Australian literary small press

Giramondo Publishing (Giramondo Publishing Company) is an independent Australian literary small press founded in 1995. It is a publisher of poetry, fiction and non-fiction by Australian and overseas writers, and works in translation from Chinese, German, Spanish, French and Hindi. It also published HEAT magazine in two series from 1996 to 2012.

Giramondo is supported by the Australia Council and Arts NSW. Its works are distributed by NewSouth.

== History ==
Giramondo was founded by Ivor Indyk and Evelyn Juers, who have worked as its publishers up until the present day. The company's initial publishing output was in the literary journal HEAT, which gave space to emerging and established authors both from Australia and overseas, often in translation. In 2001, Giramondo moved with Indyk to the University of Newcastle. In 2005, it moved again to join the Writing and Society Research Group at Western Sydney University's Bankstown campus. It relocated its offices to the university's campus in Parramatta, where it is currently based.

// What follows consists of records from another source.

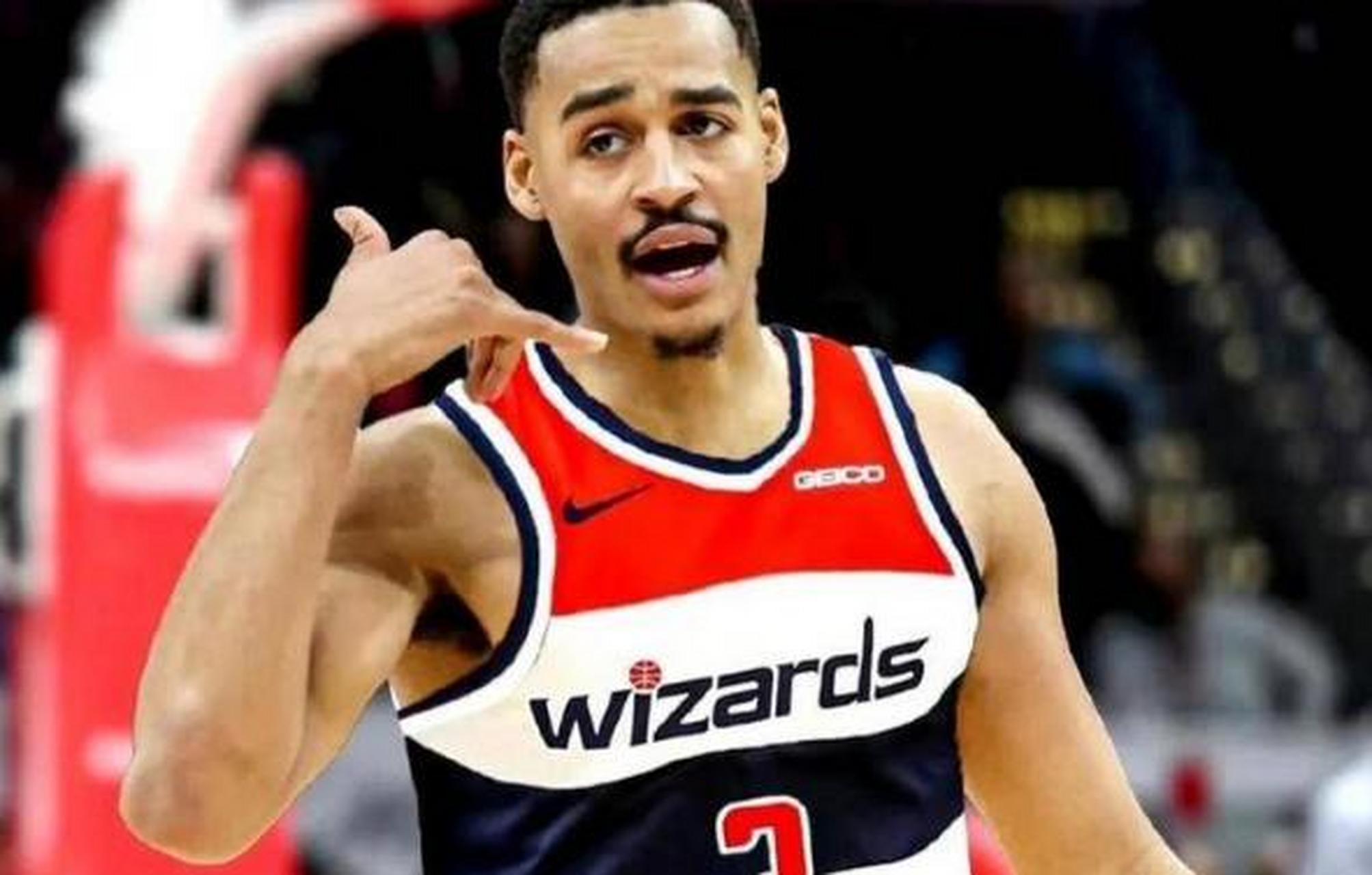 包含夏洛特黄蜂转会期绝杀压哨风云突变华盛顿奇才转会期战术微调之后，风云突变波尔图关键时刻迎来里程碑的词条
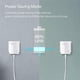 thumbnail image 4 of Kit básico de adaptador Ethernet Powerline TP-Link AV1000, 4 of 7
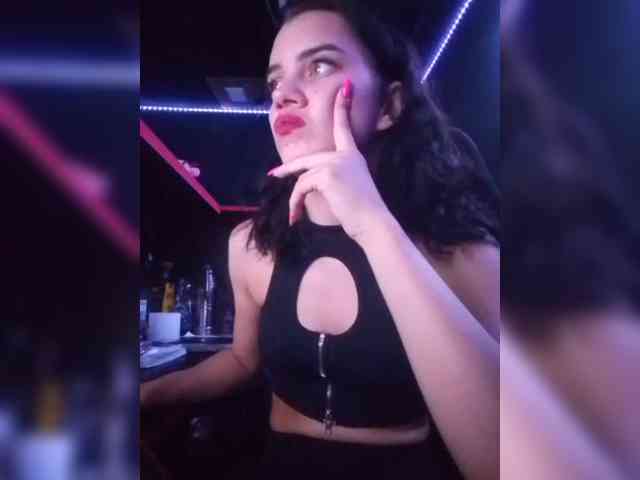 vr chat sex AlinaLisa69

Giramondo began its publication of poetry and fiction in 2002. The imprint has published titles by authors including Alexis Wright, Brian Castro, Judith Beveridge, Jennifer Maiden, Alan Wearne and Gerald Murnane. In recent years it has presided over the development of a literature based in Western Sydney, through the publication of books by Fiona Wright, Felicity Castagna, Luke Carman and Michael Mohammed Ahmad.

In 2017, Giramondo launched its Southern Latitudes series with All My Goodbyes, a novel by Argentine author Mariana Dimópulos. The series aims to "bring together writers from the southern hemisphere, and to allow their work to strike resonances for Australian writers and readers." Giramondo also produces a series of short-form books of limited print run, which carry the tongue-in-cheek quote from Les Murray's poem "The Dream of Wearing Shorts Forever": "It is time perhaps to cherish the culture of shorts."

== Cover design ==
Since the company's inception, all of Giramondo's covers have been designed by Australian designer Harry Williamson, including covers of HEAT. Poetry books all have a white spine; a fixed typographical layout; and three, thin-weighted black lines on the book's front, each of which underscores the letters of the title, the author and the publisher. Williamson was inducted into the Design Institute of Australia Hall of Fame in 2013 and the Australian Publishers' Association Book Design Awards Hall of Fame in 2002.